Faccio presente che per colpa non si sa di chi, perché la storia di Pagine Utili ahimè, essendo una ex società del Gruppo Fininvest, non è mai stata considerata da nessuno se non dall’IDV, nemmeno l’erogazione della cassa a noi arriva con una certa puntualità, abbiamo avuto l’accredito della cassa di maggio in data 26/7!
Quello che io chiedo è che non risulti che io possa ritenermi fortunata perché la Regione Lombardia mi dà voucher per 350 €, perché in realtà ne posso utilizzare solo 100 € e che ad oggi ho nel cassetto del comodino 750 € a cui se ne aggiungeranno degli altri che non potrò utilizzare. Non prendete in giro i poveri cristi, mi creda non ne abbiamo bisogno. Togliete i servizi, date solo 200 € e lasciate che le persone le utilizzino come meglio credono perché in una famiglia di spese ce ne sono tante. Piuttosto datene 100 di euro anche alle persone monoreddito perché in cassa integrazione, solo con l’affitto e con il mutuo non ce la fanno!
Adesso mi permetto anche di scriverLe altre cose e Lei si chiederà perché proprio a Lei. Sa perché? Perché Lei ha la fortuna di incontrare il nostro Presidente del Consiglio, che per 20 anni , in cambio del mio lavoro sempre svolto con efficienza e dedizione ( anche quando in Pagine Utili mi è stato fatto mobbing per 5 anni solo perché avevo partorito due gemelli e soffrendo di emicrania con aura e afasia e sotto stress ero spesso a letto con dei dolori allucinanti. Mi è stato anche detto che è stato giusto trattarmi così e, quando nel 2006 l’emicrania è stata riconosciuta malattia invalidante a me è stata riconosciuta un’invalidità del 60 %, quando ho portato al mio ex capo del personale la fotocopia di quanto a me riconosciuto mi ha detto che non la poteva tenere perché se fossero entrati i ladri e l’avessero rubata?

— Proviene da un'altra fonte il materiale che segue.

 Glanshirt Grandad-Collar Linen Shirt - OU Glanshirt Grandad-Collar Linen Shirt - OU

Credo di aver subìto parecchio e quello che comunque mi è più pesato è che tra le prime parole dei miei figli c’è stata questa frase “Mamma, bibi testa!”) mi ha sempre dato uno stipendio finché non ha ritenuto, lui o chi per esso, di far cessare Pagine Utili.

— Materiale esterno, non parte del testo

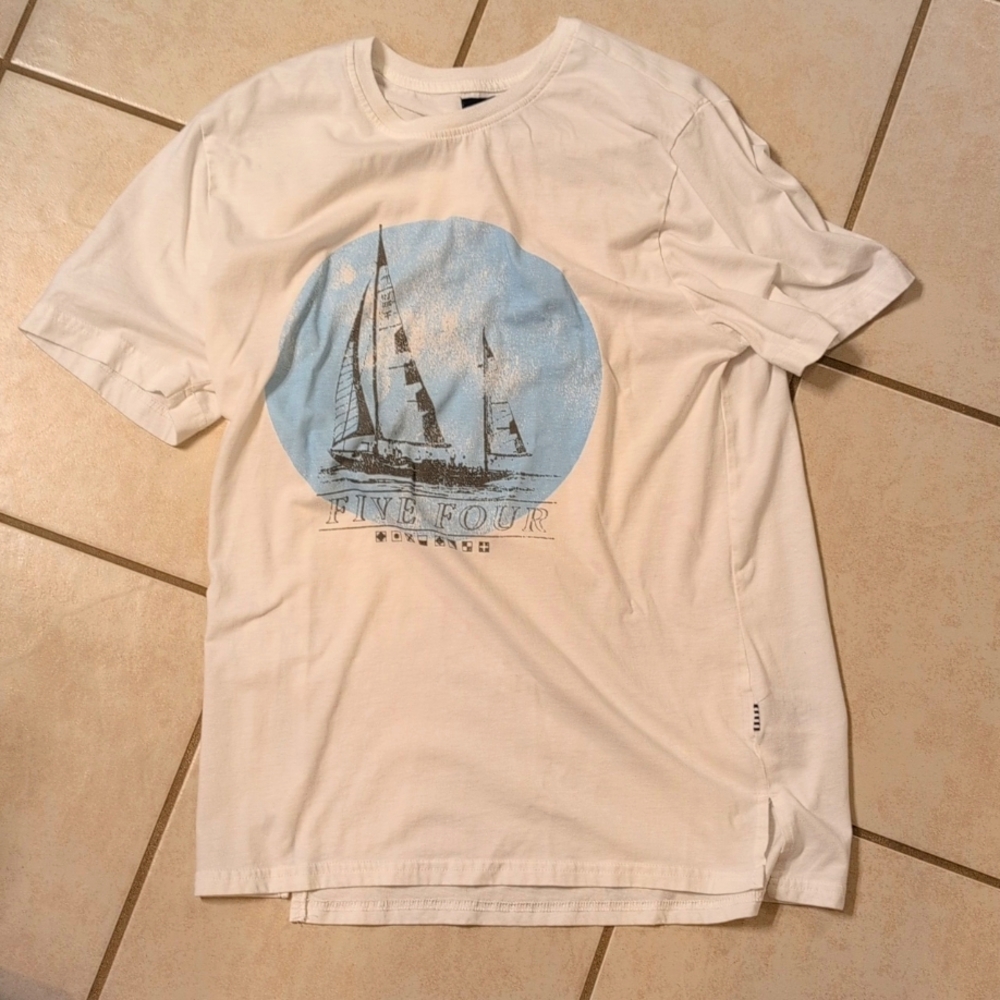 Five Four Medium Sailboat Racing Graphic T-shirt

Scrivo a Lei ovviamente per i voucher che mi dicono, siano di Sua pertinenza, ma Le scrivo anche come persona disperata nella speranza che Lei faccia leggere al Cavaliere questa mail in modo che smetta di descriverci quanto sono messi peggio gli altri paesi europei, che la smetta di dire che la crisi è finita, che la smetta di dire soprattutto “DISOCCUPATI DATEVI DA FARE! “ perché proprio il suo gruppo ha fatto DISOCCUPATI, DISOCCUPATI DI CUI NESSUNO SE NE OCCUPA PERCHE’ NESSUNO SI VUOL METTERE IN DISCUSSIONE CON IL GRUPPO FININVEST , NEMMENO LA STAMPA DELL’OPPOSIZIONE, SOLO L’IDV CI STA DANDO UNA MANO.

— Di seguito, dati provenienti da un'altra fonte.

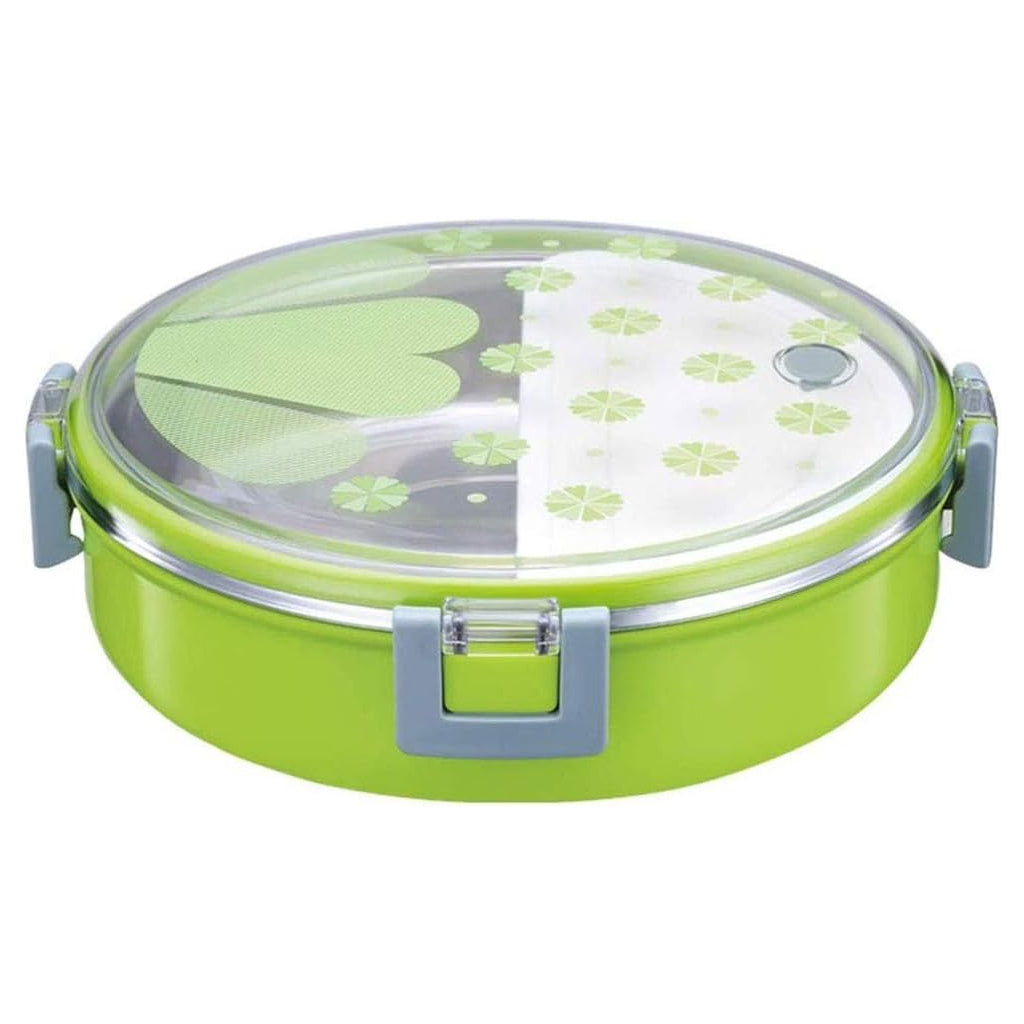 Round Shape Lunch Box Stainless Steel 6526 Inside and P.P Outside, 1 Inner Container & 1 Spoon (920ml)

La precedo, magari Lei starà pensando che l’Idv lo fa per interesse. Se anche fosse così…. fa bene! Una mano lava l’altra perché finora nessuno e dico nessuno si è mai preoccupato dei dipendenti di Pagine Utili, ma delle persone che hanno fatto sciopero in Mediaset si, di loro ne hanno parlato i giornali, la televisione…. Tutti si sono dati da fare e oggi hanno tutti il loro lavoro ( e io ne sono contenta perché non mi garberebbe molto che altre persone passassero l’inferno che sto passando io ed alcuni miei colleghi che non hanno trovato altro mezzo di sostentamento da unire alla cassa).
Sicuramente Le ho fatto perdere del tempo prezioso, ma mi creda sono cose molto importanti, a volte io ho l’impressione di vivere sotto regime e non mi piace e soprattutto non mi piace essere in queste condizioni vedendo che nessuno fa niente, il gossip è diventato argomento di politica e in questo modo nessun paese potrebbe andare avanti se non affondare lentamente più di quanto non stiamo già affondando.